ACTIVITY:
With pictures left out, output exactly the lines of the listing below from the line that has "Friendship household income" to the line that has "Figura 3: orbite", both lines kept.

EXCERPTED DATA:
-*-

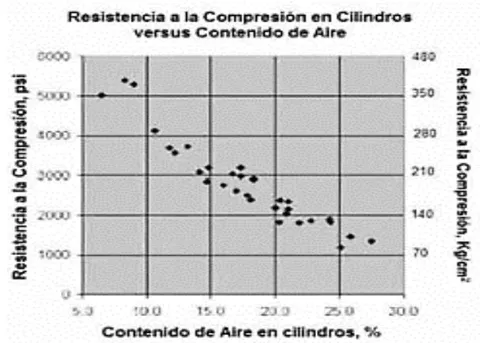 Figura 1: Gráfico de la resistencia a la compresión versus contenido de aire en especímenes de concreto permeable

-*-

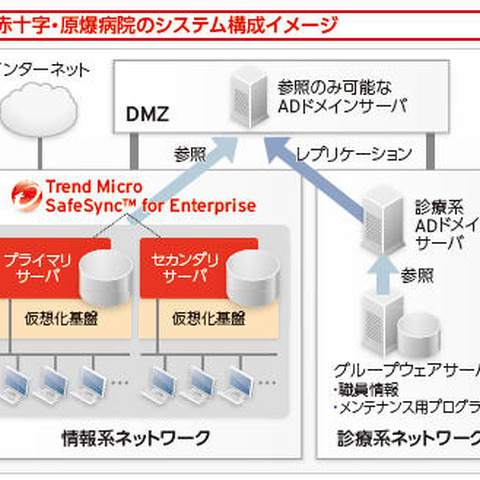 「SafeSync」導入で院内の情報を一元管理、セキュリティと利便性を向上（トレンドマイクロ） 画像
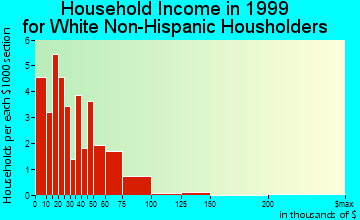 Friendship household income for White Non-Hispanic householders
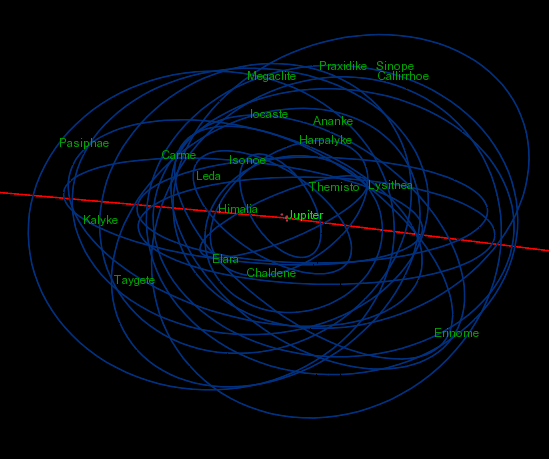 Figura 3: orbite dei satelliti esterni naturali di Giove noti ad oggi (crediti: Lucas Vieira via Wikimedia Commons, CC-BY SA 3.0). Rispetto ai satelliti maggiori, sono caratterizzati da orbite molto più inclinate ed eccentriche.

-*-

RESPONSE TO THIS TASK:
 Friendship household income for White Non-Hispanic householders
 Figura 3: orbite dei satelliti esterni naturali di Giove noti ad oggi (crediti: Lucas Vieira via Wikimedia Commons, CC-BY SA 3.0). Rispetto ai satelliti maggiori, sono caratterizzati da orbite molto più inclinate ed eccentriche.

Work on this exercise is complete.